We often hear investors say that they are “in it for the long haul,” as if it were guaranteed that stocks will be a good investment if they are held for a long enough period of time, something they are often told by investment counselors. Ironically, it is the long-term future of stocks that looks bad now. And unlike stock prices in the short-term, which can fluctuate wildly, one can actually say something definitive about the long run.
The average price of stocks is still much too high, even after the correction of 2000, to be justified by earnings that the economy could generate in the future. In other words, it is not possible to come up with a scenario consistent with anyone’s projections about the economy that would make investors want to hold stocks for a long time, unless stock prices were to first drop very steeply.
Dean Baker of the Center for Economic and Policy Research was the first economist to work through the arithmetic of this “bubble” market, and his findings have since been confirmed by other prominent economists. It works like this: In the long run, investors hold stocks only because of the earnings of the underlying companies. Stockholders get a return from two sources–the shared earnings paid in the form of dividends and an increase in the price of the stock (capital gains).

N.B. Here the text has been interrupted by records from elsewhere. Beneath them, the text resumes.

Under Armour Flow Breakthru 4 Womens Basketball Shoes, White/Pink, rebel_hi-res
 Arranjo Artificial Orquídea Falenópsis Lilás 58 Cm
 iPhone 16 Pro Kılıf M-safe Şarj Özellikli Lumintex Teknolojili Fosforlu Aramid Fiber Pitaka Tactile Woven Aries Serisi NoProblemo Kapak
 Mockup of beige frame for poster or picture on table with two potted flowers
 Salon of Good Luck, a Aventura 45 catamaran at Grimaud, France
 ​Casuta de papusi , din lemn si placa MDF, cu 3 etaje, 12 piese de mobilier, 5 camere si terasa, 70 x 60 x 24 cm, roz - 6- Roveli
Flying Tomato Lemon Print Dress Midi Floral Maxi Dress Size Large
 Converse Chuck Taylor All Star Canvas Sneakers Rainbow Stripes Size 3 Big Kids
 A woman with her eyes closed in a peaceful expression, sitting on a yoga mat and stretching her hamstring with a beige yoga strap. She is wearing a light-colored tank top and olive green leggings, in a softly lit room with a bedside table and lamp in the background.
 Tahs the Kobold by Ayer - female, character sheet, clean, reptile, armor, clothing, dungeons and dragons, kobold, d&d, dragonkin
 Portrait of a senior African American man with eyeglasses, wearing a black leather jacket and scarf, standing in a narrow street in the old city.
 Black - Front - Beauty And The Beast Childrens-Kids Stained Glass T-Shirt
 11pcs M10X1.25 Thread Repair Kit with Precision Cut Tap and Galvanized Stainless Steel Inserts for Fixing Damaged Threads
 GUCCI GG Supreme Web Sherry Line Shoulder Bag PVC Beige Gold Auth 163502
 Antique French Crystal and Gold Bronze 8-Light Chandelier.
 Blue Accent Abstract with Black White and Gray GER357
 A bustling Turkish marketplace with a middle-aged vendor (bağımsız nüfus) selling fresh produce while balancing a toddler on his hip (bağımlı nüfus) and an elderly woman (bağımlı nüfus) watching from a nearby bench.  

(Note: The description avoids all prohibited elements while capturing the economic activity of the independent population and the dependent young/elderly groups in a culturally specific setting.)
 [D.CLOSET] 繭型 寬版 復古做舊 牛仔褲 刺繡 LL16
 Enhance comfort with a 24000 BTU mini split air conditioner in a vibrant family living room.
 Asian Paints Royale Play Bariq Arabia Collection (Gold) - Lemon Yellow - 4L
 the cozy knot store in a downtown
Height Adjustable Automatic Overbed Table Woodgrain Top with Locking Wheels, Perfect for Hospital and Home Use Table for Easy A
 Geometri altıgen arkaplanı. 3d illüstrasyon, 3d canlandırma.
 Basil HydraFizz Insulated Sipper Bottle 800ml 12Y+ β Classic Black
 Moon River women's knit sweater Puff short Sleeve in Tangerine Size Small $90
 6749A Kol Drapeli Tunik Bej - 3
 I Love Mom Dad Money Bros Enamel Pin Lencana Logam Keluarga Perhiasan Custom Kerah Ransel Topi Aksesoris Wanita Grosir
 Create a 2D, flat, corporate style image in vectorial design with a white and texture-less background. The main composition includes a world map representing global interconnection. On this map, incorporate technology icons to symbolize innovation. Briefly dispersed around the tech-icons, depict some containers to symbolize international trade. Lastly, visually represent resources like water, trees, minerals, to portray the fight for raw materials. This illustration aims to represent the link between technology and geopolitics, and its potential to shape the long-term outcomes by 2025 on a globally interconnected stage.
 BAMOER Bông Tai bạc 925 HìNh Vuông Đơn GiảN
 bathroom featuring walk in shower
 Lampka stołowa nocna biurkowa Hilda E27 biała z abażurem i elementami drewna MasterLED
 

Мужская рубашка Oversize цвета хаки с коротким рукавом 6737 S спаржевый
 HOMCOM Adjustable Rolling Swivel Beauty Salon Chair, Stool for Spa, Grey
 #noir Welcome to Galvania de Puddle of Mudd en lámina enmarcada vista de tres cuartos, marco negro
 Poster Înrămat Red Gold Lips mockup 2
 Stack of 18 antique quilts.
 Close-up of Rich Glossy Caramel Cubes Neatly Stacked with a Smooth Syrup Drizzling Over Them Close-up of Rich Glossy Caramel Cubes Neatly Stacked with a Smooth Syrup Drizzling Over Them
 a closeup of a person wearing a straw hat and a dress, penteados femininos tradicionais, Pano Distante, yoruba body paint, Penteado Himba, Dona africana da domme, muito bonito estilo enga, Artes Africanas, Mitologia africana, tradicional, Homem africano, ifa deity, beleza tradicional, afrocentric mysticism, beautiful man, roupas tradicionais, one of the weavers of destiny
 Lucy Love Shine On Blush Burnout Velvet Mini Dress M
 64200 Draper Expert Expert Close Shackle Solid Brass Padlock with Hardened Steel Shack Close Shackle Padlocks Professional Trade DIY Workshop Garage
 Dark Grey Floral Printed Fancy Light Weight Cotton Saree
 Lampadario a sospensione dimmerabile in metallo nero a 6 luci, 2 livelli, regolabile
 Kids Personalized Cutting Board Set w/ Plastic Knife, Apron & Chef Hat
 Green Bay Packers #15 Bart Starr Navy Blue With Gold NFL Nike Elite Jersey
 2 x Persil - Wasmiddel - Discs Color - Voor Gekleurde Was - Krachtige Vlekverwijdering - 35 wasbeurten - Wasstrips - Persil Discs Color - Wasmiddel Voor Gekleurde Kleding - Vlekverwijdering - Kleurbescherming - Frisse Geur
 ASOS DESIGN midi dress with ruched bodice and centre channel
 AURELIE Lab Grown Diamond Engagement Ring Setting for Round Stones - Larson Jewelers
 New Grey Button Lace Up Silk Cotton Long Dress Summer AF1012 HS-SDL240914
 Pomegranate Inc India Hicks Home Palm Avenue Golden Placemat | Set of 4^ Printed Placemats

The average dividend is only about 1.5%. Capital gains, over the long run, cannot grow much faster than the economy, unless you invest at a point where stocks are undervalued relative to future earnings. But the average stock price relative to earnings–known as the price-to-earnings ratio–is still near twice its historic level. So unless you are willing to believe that stock prices are unrelated to the profits of the companies they represent, you can’t expect capital gains much higher than the long-run growth rate of the economy, at least from here on out. That rate is currently estimated at about 2.2% annually.
That adds up to 3.7%. Even if growth turned out to be considerably higher than the 2.2% that economists are projecting, it couldn’t solve the problem. It just doesn’t make much sense to hold stocks rather than a U.S. Treasury bond, which has a similar real (inflation adjusted) return but almost no risk. Unless, that is, you think that other investors are going to keep bidding up the price of stocks independent of earnings–in other words, that the bubble will grow. But speculative bubbles can’t grow forever; eventually they must burst.
Of course this analysis applies only to the whole market, or the average stock. If you can pick the next Microsoft or Wal-Mart and get in early enough, you can still do very well. But this is not easy to do. So most individual and institutional investors maintain some sort of diversified stock portfolio that moves more with the broad market. And at some point they are going to move out of those stocks, in large numbers.
Depending on the steepness of further market declines, there is a real danger to the U.S. economy. Japan’s stock market lost nearly 40% of its value in 1990–a decade later it is down even more, 64% from its peak in 1989–and its economy has yet to recover.
The Japanese scenario may be less likely here, but it would be foolish not to act before a downward spiral began. The Fed should continue to reverse the six unnecessary rate hikes that it has imposed over the last year and a half. Both Congress and the executive branch should abandon the extremist and groundless economic theories, which we could tolerate while the economy was booming, that advocate paying off the national debt over the next 12 years. A commitment to pay down the debt is a commitment to reduce demand and slow the economy at a time when we really don’t know where the bottom of the current economic slowdown is going to be.
The record stock market run-up has generated great wealth for some–but not most–Americans, who still own little or no stock even in retirement funds. The majority, who did not share in the festivities, should not get stuck paying the bill.